===== Raw data

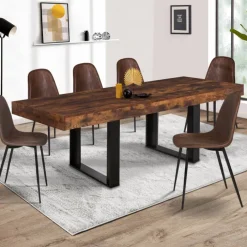 Table à manger 200 cm 10 personnes bois effet vieilli et noir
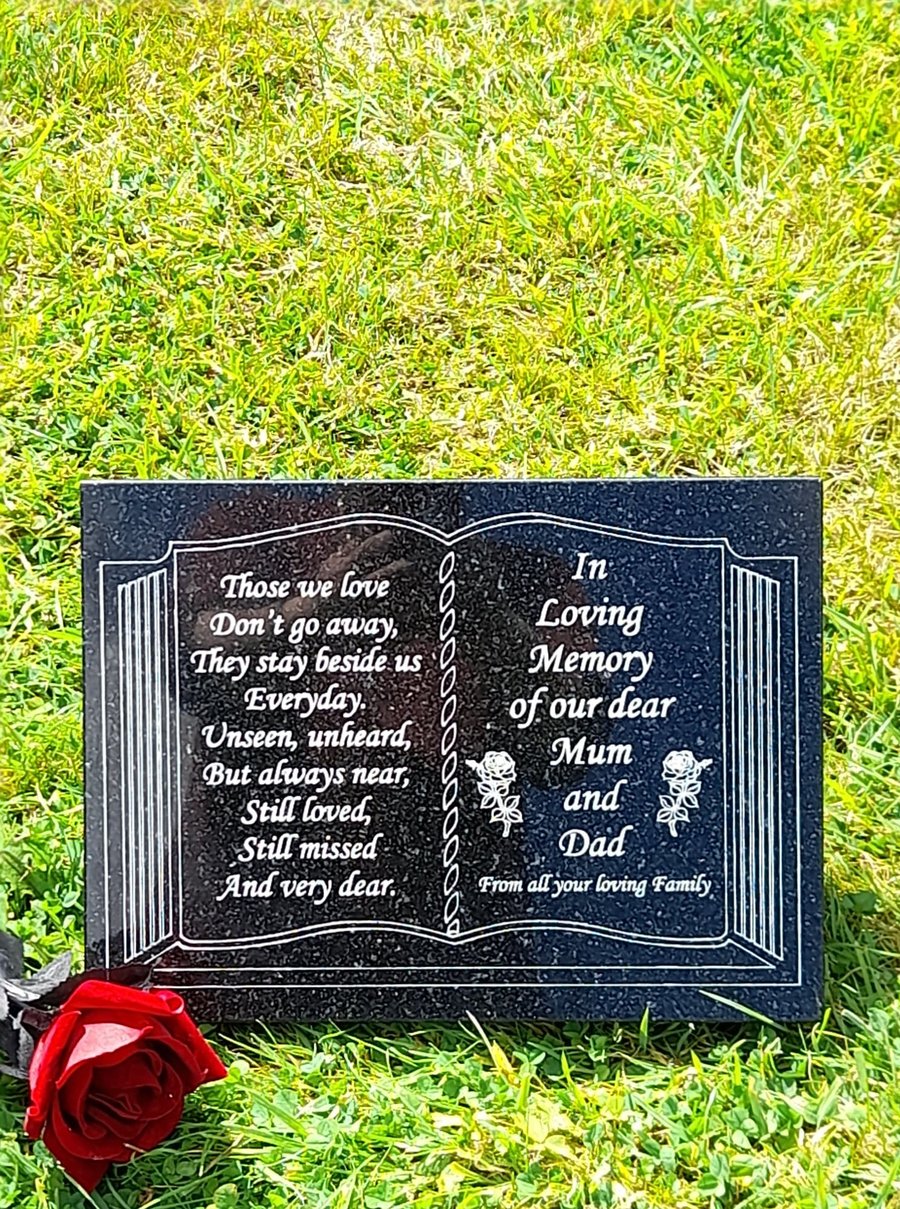  Memorial Grave Marker Grave Stone Slanted Granite Cemetery Headstone 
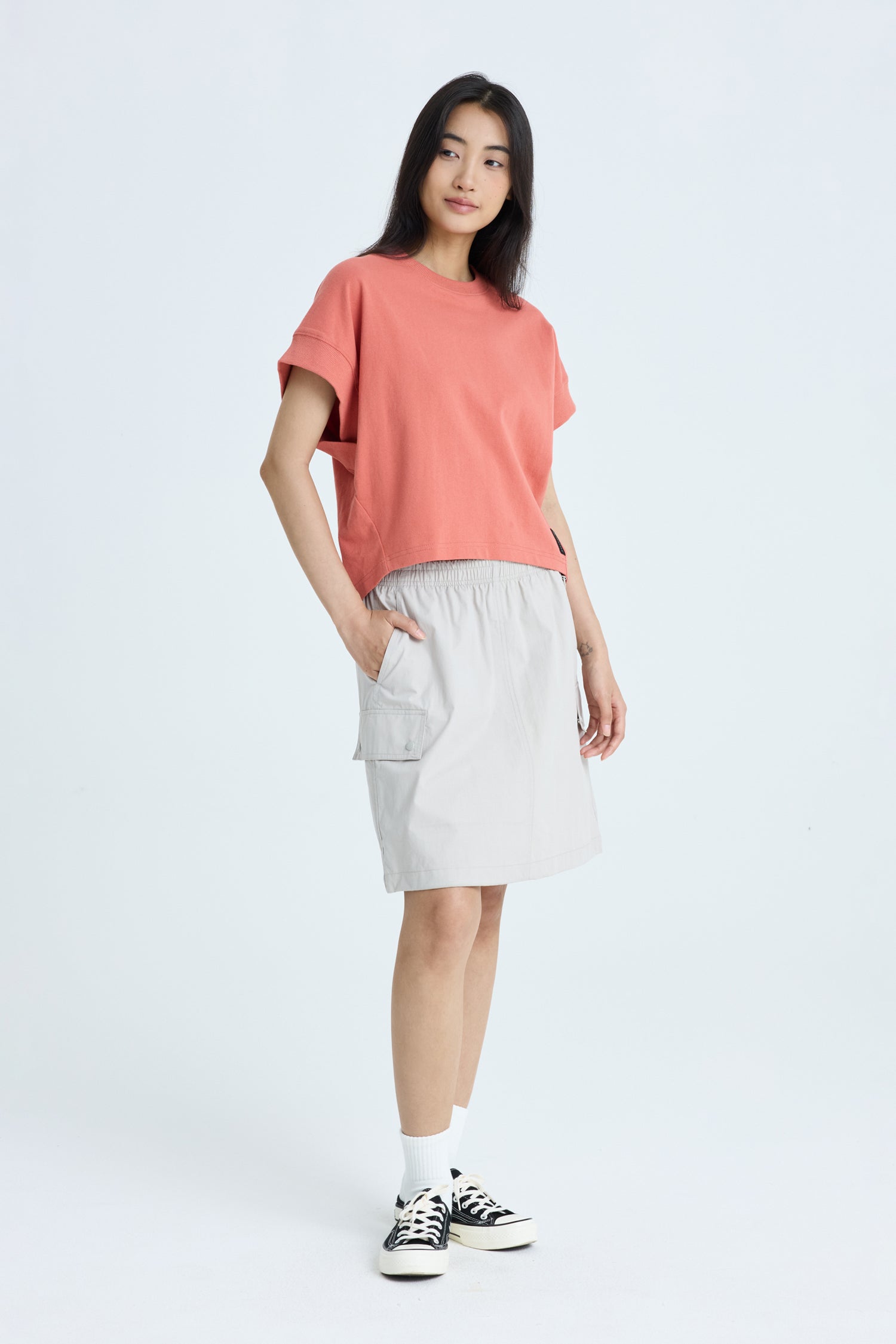 Pull-up Cargo Skirt - Light Grey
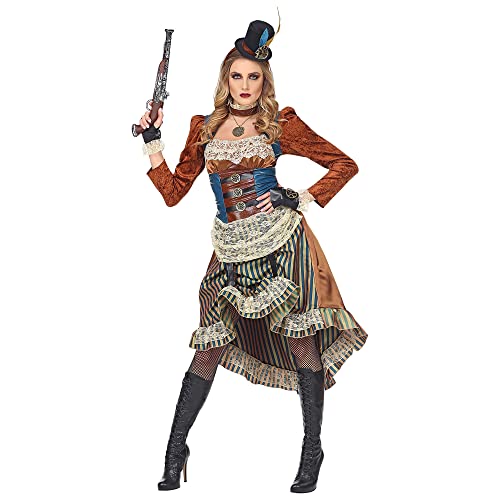 "STEAMPUNK" (dress with choker, fingerless gloves, mini top hat) - (XL) von WIDMANN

==========

*Work to be completed:* Up to and including the last line of the listing, starting at the line with "Memorial Grave Marker", extract every line exactly and leave out the pictures.

*Response area:*
  Memorial Grave Marker Grave Stone Slanted Granite Cemetery Headstone 
 Pull-up Cargo Skirt - Light Grey
 "STEAMPUNK" (dress with choker, fingerless gloves, mini top hat) - (XL) von WIDMANN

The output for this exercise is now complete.